Docker-in-Docker for GFX hardware access

One problem that I’ve repeatedly struggled with when running a Docker Swarm cluster is that there is no way to use “devices”, such as graphics cards (and also, privileged containers, should you want that).

The problem is that, yes, you can volume-mount /dev/dri/* into the container, and those devices will show up, but when you attempt to use them, even if you are root and/or filesystem permissions allow, seccomp will block the syscalls, and you’ll get “Operation not permitted”.

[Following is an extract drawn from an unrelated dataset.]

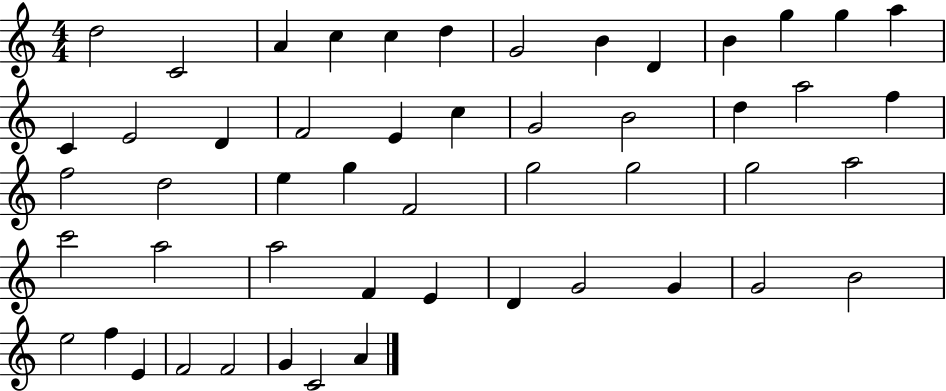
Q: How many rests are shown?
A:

I found a solution, it’s not the most graceful, but it works: docker-in-docker

services:
  svc:
    image: docker:28-dind
    entrypoint: [sh, -c]
    command: >-
      'exec docker run
      --interactive
      --user 0:0
      -e DISPATCHARR_ENV=aio
      -e REDIS_HOST=localhost
      -e CELERY_BROKER_URL=redis://localhost:6379/0
      -e DISPATCHARR_LOG_LEVEL=info
      -v /docker/data/dispatcharr:/data
      --name=dispatcharr_svc_sub
      --network=traefik
      --device=/dev/dri/renderD128:/dev/dri/renderD128
      --device=/dev/dri/card0:/dev/dri/card0
      --rm
      ghcr.io/dispatcharr/dispatcharr:latest'
    volumes:
      - /etc/docker/daemon.json:/etc/docker/daemon.json:ro
      - /var/run/docker.sock:/var/run/docker.sock
    deploy:
      mode: replicated
      replicas: 1
      update_config:
        order: stop-first
      placement:
        constraints:
          - node.labels.gpu == true
      labels:
        - traefik.enable=true
        - traefik.http.routers.dispatcharr.entrypoints=https
        - traefik.http.services.dispatcharr.loadbalancer.server.url=http://dispatcharr_svc_sub:9191
        - traefik.swarm.network=traefik
    networks:
      - traefik

networks:
  traefik:
    external: true

To take this apart, this is actually two containers:

“Outer” container

This is what the swarm will schedule on the cluster. It runs the docker-in-docker (“dind”) image, and it mounts in both the docker socket and /etc/docker/daemon.json file from the host it lands on. The daemon.json config is optional. Note: this doesn’t need to be a swarm manager socket, as it won’t be interacting with the swarm. Most importantly, it runs the normal docker command to start an “inner” docker container (docker run …). I also added a placement constraint so it will only land on the systems I want it to node.labels.gpu == true even though this container itself doesn’t mount or use the GPUs.

“Inner” container

This is a non-swarm docker container that just happens to be running on the same host. Despite calling them inner & outer, these containers aren’t “nested”, they’re running beside each other on the host, so volume and device mounts are directly on the same host itself, not to each other. This has full access to --device, and --privileged, etc, like any normal docker container. In my case, I add the devices --device=/dev/dri/renderD128:/dev/dri/renderD128 and --device=/dev/dri/card0:/dev/dri/card0 to access the GPU. In this example, it’s running dispatcharr.

Linking

The outer container calls the inner container with --interactive, which means that if the swarm container is rescheduled for any reason, it will cascade-stop the inner container. Likewise, if anything happens to the inner container, the outer container’s command will exit, stopping the the outer container too, which will be rescheduled by the swarm orchestration.

Storage

In my case, there’s a local mount to /docker/data/dispatcharr, which is a location on glusterfs, mounted on all nodes.

Networking

Networking is unfortunately complex and painful. In this case, the inner container will open port 9191 (in my case, this isn’t exposed, but could be by adding -p 9191:9191), but that land on any host in the swarm, and will move around.

I’m using traefik as an ingress, but since the inner container isn’t on the swarm, it won’t be seen by traefik’s swarm provider.

There’s many solutions, but here is mine: Connect the inner container to the traefik network --network=traefik (which requires it to be “attachable”), set a predictable name --name=dispatcharr_svc_sub, then have the outer container set labels that traefik will pick up - traefik.http.services.dispatcharr.loadbalancer.server.url=http://dispatcharr_svc_sub:9191 that point at the predictable name, on the predictable port, which is a container conveniently on the traefik network, so treafik can reach it.

This networking setup has trade-offs, as I’m limited to one instance of the container, and stop-first is required so I don’t run into a name conflict with the predictable name.